I had a B+K 747 transconductance tester and it was great 

Cheers!


----------



## greco (Jul 15, 2007)

_The B&K 747 is a mutual conductance tester which will accurately reflect a tube's ability to amplify a signal. The other testers are called emission testers and they measure the flow of electrons from the cathode. There is not a perfect relationship between mutual conductance and cathode emission. One would never expect these three different models of testers to show agreement on much of anything--but a bad tube on both the Knight and SICO should show bad on the B&K. The reverse would not be true. The B&K should find some bad tubes that do not show up on the other testers. On the shorts tests you are at least measuring the same thing--leakage between the tube elements. But here again the sensitivity of the tests varies widely. The typical neon light shorts indicator lights at 250K of leakage. The shorts tester on the B&K will detect a 1 meg short, and as little as 100 megs of leakage to the grid of the tube. The B&K is the superior tester of the three, and assuming it is in good working order and calibrated properly I would go with its results. The B&K won't test old big pin radio tubes, and this is a limitation. For the more modern tubes the B&K is a very nice unit, although I don't care much for the plastic case and breakage prone plastic hinges._

I found this and thought it might be of interest. I know nothing about tube testers, just enjoying the thread and learning.

Dave


----------



## tubetwang (Dec 18, 2007)

most Mu Conductance testers test for shorts, grid leaks, emission and transconductance.

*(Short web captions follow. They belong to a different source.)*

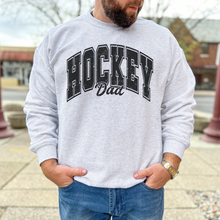 Load image into Gallery viewer, HOCKEY DAD CREW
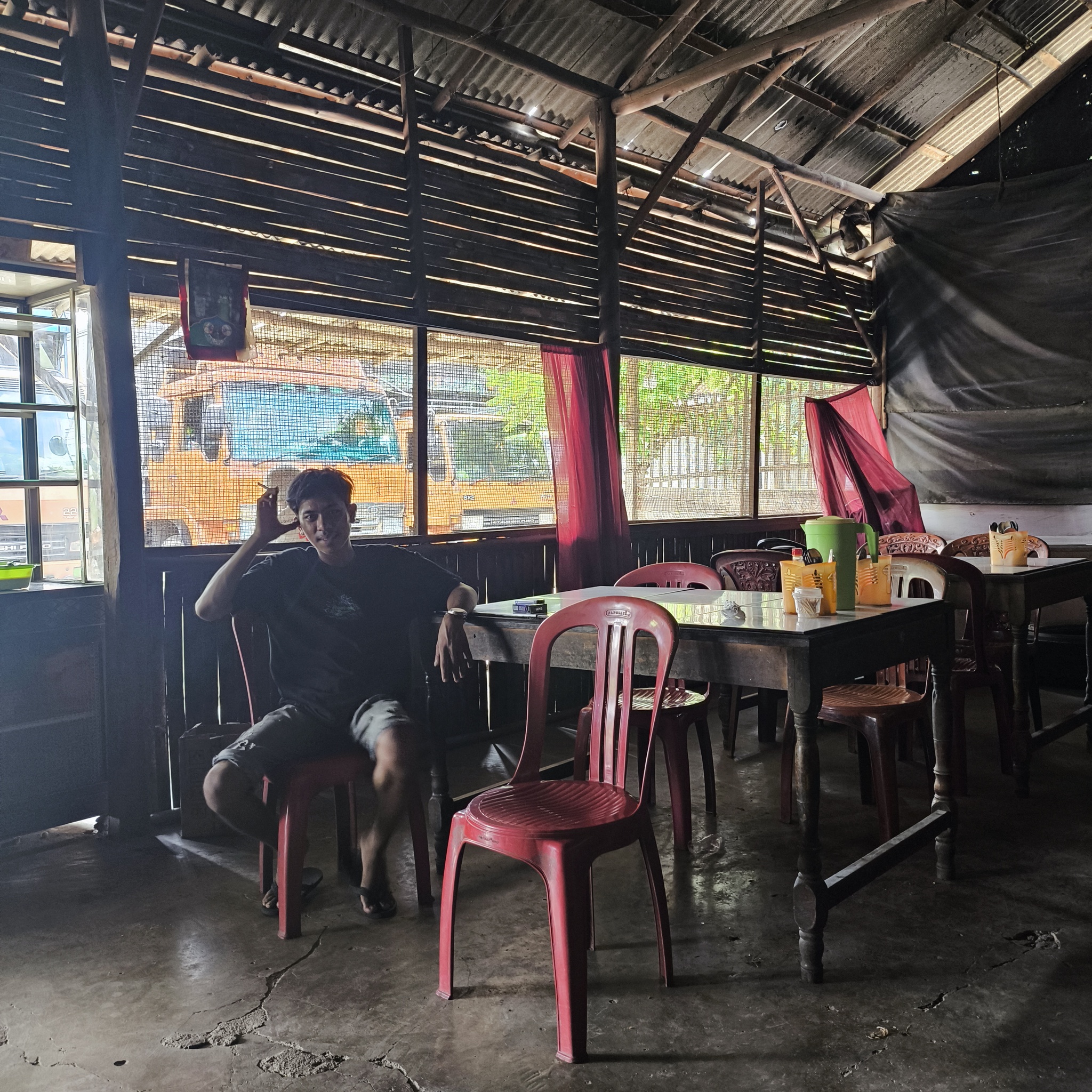 Melanesia Travel Diary. Indonesia. Day 126. On the Old Lady - My, Around the world, Travels, Drive, Indonesia, Life stories, Hitch-hiking, Difficulties, Island, Video, Longpost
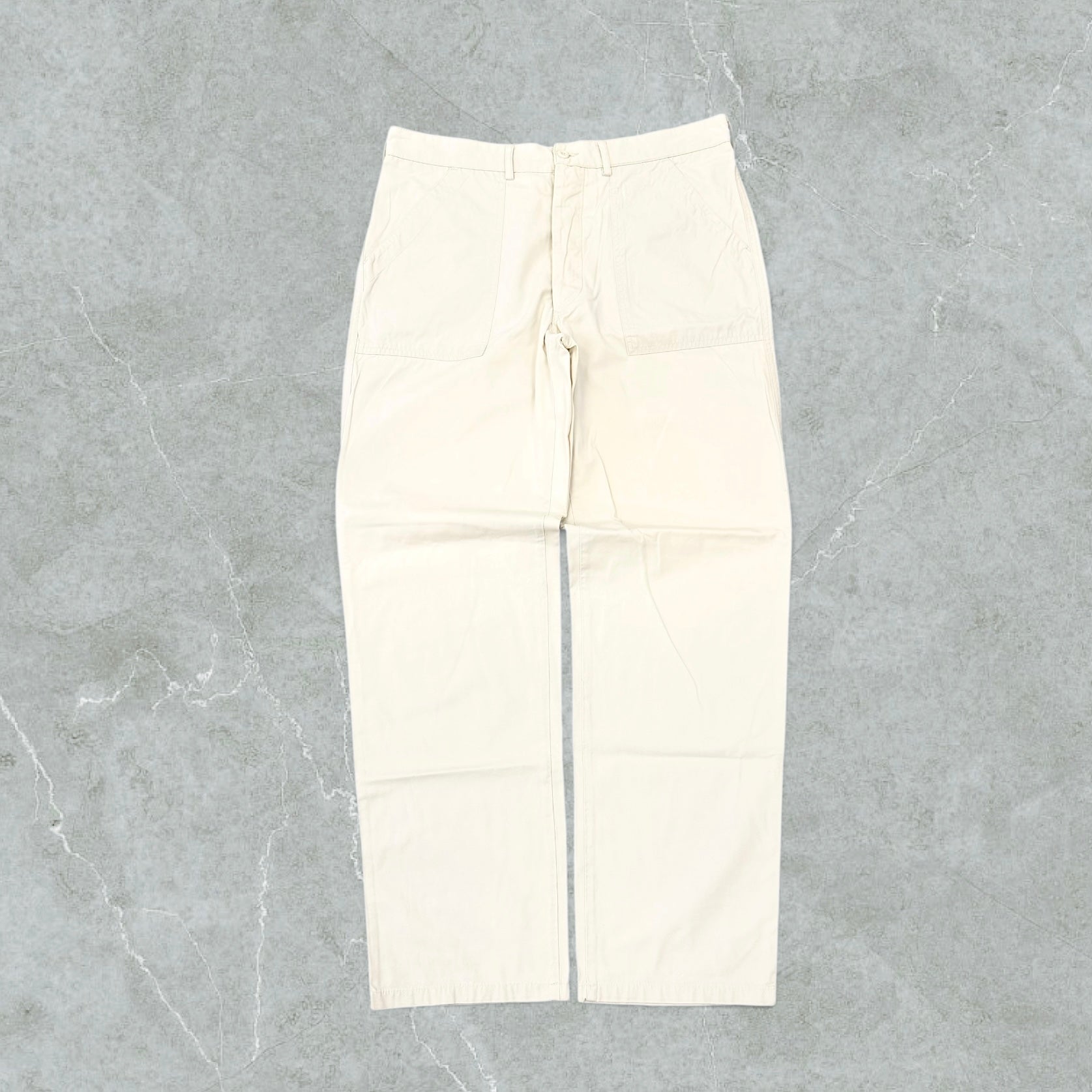 Pantaloni Avirex USA Baggy Vintage [L]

Make sure you have the operation manual and most important have it calibrated...

I had mine (Sencore MU140) calibrated by Chris Hayedt in the U.S.

Sadly he passed away years ago...


----------



## toby2 (Dec 2, 2006)

*tube tester*

The problem with most tube testers is that they will just give you a ballpark 
indication as to the health of a vacuum tube . The voltages in most testers 
is much lower than at typical operating voltage that you would find in a preamp or poweramp . A 6L6 may test fine in your fancy Stark tester but once it is dropped into an amp , that is where the real test happens .


----------



## Geek (Jun 5, 2007)

Too true!

I had some Sylvania 6V6's that tested great, but became a light show in the amp 

So now I test 6V6's in my actual amp.

Cheers!


----------